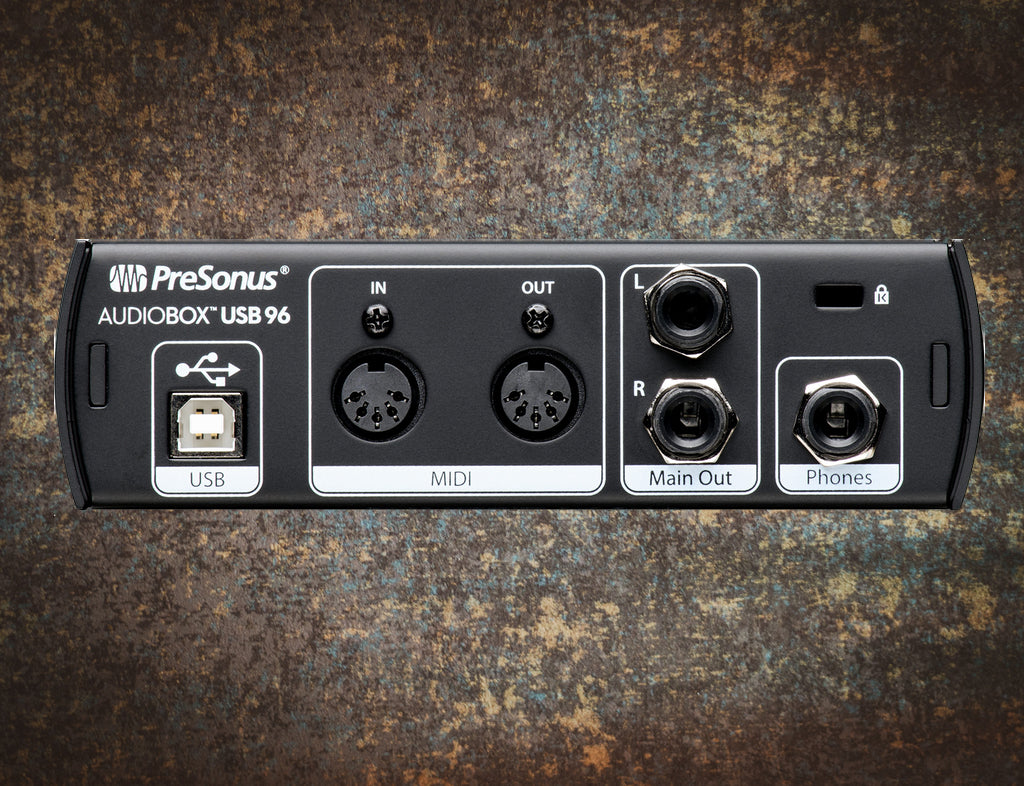 PreSonus AudioBox USB® 96: 2x2 USB 2.0 Audio Interface
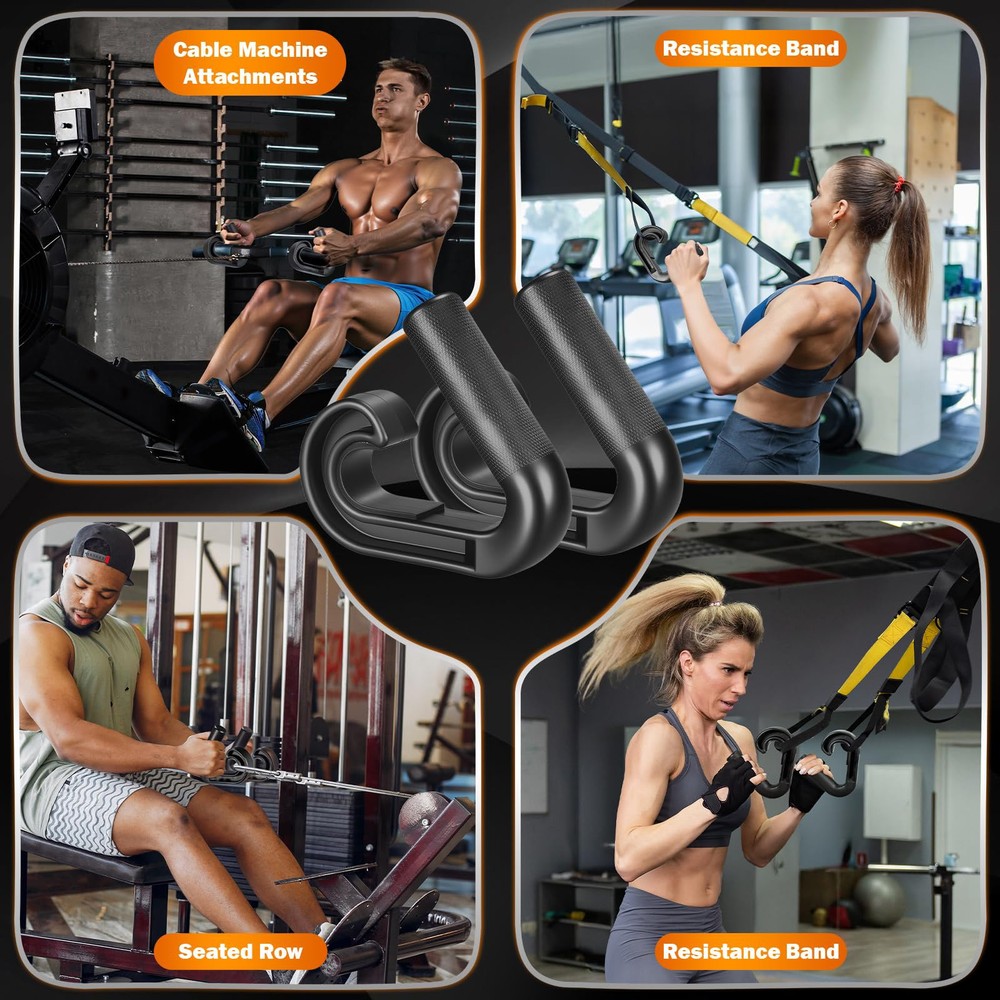 Neutral Grip Pull Up Handles Heavy Duty for Pull Up Workout Handles & Exercise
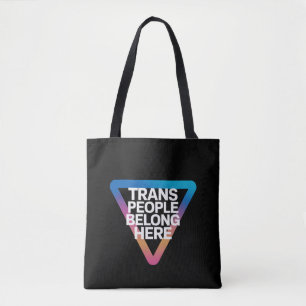Tote Bag Les personnes trans appartiennent à la fierté des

------------

▶ [Exercise instructions]:
Return the material from above in full, exactly as written, with the pictures omitted.

▶ [Result for this exercise]:
 PreSonus AudioBox USB® 96: 2x2 USB 2.0 Audio Interface
 Neutral Grip Pull Up Handles Heavy Duty for Pull Up Workout Handles & Exercise
Tote Bag Les personnes trans appartiennent à la fierté des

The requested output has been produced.